53. La vie éternelle
— Tandis que
les damnés seront livrés par la sentence du souverain juge à l’action des démons
qui les emporteront avec eux au lieu de l’éternel supplice, quel sera l’effet
de la sentence du souverain juge à l’endroit des élus ?
— Cette sentence fera qu’aussitôt
s’ouvriront pour eux toutes grandes les portes du royaume des cieux qui leur
a été préparé par le Père depuis la constitution du monde.
— Est-ce immédiatement que
les élus feront tous leur entrée dans le ciel ?
— Oui, c’est immédiatement
et aussitôt que seront levées les solennelles assises du jugement dernier, que
les élus feront leur entrée dans le ciel, à la suite de leur Seigneur et Roi,
le Christ Jésus qui les emmènera avec lui pour leur faire part de son bonheur
et de sa gloire.
— Ce bonheur et cette gloire
des élus se trouveront-ils accrus du fait que maintenant ils ont retrouvé leur
corps ?
— C’est dans des proportions
qu’il nous est impossible de soupçonner, que le bonheur et la gloire des élus
se trouveront accrus du fait qu’ils ont maintenant retrouvé leur corps ;
bien que, auparavant, ceux qui étaient déjà au ciel, goûtassent du seul fait
de la vision béatifique, un bonheur en quelque sorte infini (q. 93, a. 1).
— Y aura-t-il, dans le ciel,
des places distinctes et les élus y formeront-ils une assemblée particulièrement
belle en raison de sa diversité et sa subordination harmonieuse ?

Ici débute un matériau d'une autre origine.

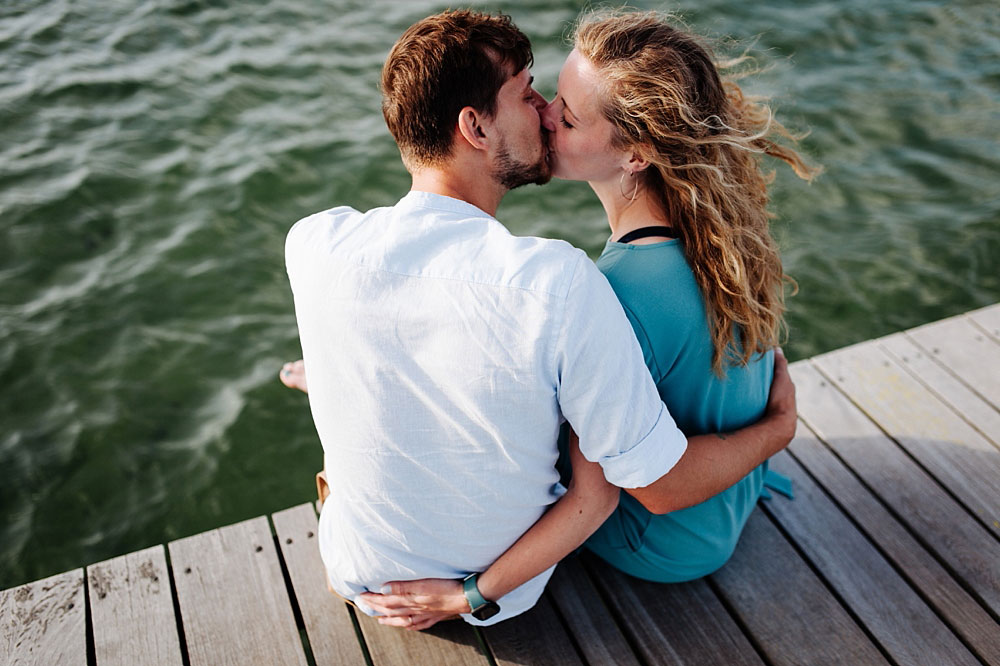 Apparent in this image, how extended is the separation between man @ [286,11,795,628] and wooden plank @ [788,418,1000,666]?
633mm

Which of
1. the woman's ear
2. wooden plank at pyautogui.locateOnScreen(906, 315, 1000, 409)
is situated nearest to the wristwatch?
the woman's ear

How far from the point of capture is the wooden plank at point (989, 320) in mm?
3410

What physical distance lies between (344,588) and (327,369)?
2.37 ft

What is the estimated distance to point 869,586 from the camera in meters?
2.46

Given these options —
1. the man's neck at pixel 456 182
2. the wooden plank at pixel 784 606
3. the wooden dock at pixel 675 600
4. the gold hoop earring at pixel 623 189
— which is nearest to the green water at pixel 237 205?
the wooden dock at pixel 675 600

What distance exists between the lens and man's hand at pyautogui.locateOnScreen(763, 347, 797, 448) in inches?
93.1

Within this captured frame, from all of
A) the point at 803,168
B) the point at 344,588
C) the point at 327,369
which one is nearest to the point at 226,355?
the point at 344,588

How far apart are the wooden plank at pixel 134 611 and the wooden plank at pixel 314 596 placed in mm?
354

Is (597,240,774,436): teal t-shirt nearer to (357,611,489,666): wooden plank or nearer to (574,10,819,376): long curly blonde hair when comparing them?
(574,10,819,376): long curly blonde hair

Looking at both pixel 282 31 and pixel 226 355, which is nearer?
pixel 226 355

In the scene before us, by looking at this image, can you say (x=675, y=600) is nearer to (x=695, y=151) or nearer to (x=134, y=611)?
(x=695, y=151)

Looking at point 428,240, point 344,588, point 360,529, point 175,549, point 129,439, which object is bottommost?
point 129,439

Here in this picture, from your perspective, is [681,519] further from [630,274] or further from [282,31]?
[282,31]

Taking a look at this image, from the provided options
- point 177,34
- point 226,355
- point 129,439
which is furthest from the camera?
point 177,34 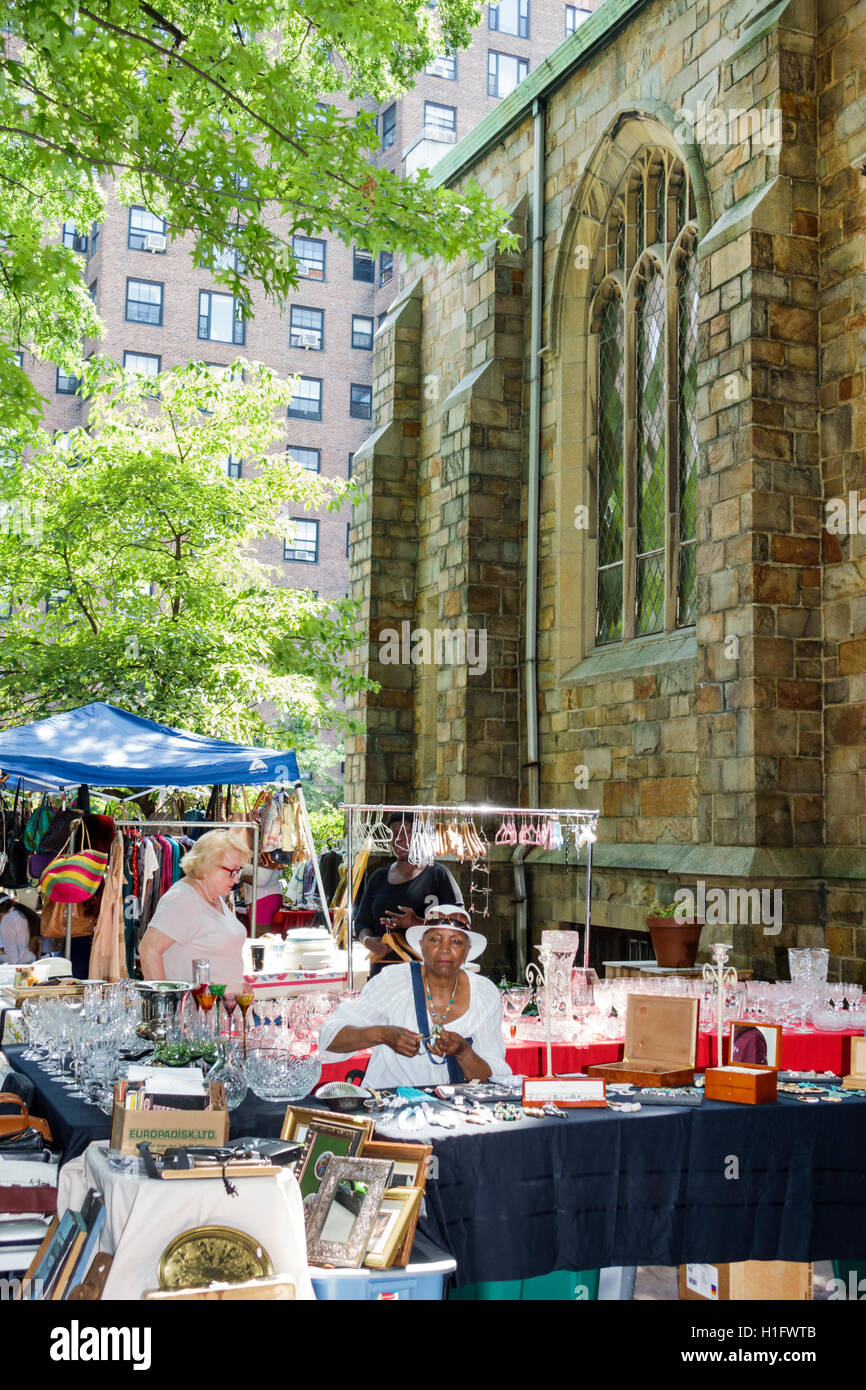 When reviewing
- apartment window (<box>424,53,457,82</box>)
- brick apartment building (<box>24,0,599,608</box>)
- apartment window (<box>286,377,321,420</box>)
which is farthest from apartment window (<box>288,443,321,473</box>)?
apartment window (<box>424,53,457,82</box>)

— Oui ; car c’est le degré
de la charité ou de la grâce qui aura fixé le degré de la gloire : mais,
en raison même de cette charité, dont le moindre degré suffit pour introduire
au ciel, il s’ensuivra que tous les bienheureux se communiqueront, en quelque
sorte, la joie de leur propre bonheur, et que tous y seront heureux du bonheur
de tous, Dieu, dans son infini bonheur, étant tout en tous, bien qu’à des degrés
divers (q. 93, a. 2, 3).
— Dans cette assemblée des
élus, les hommes auront-ils quelque chose que les anges n’auront pas, du moins
au même titre ?
— Oui ; car les hommes
formeront, à un titre spécial, l’Église triomphante, qui, dans le ciel et pendant
toute l’éternité, se comparera à Jésus-Christ comme une épouse à son époux,
célébrant avec lui, au milieu d’ineffables délices, un éternel festin de noces
spirituelles (q. 95, a. 1, 2).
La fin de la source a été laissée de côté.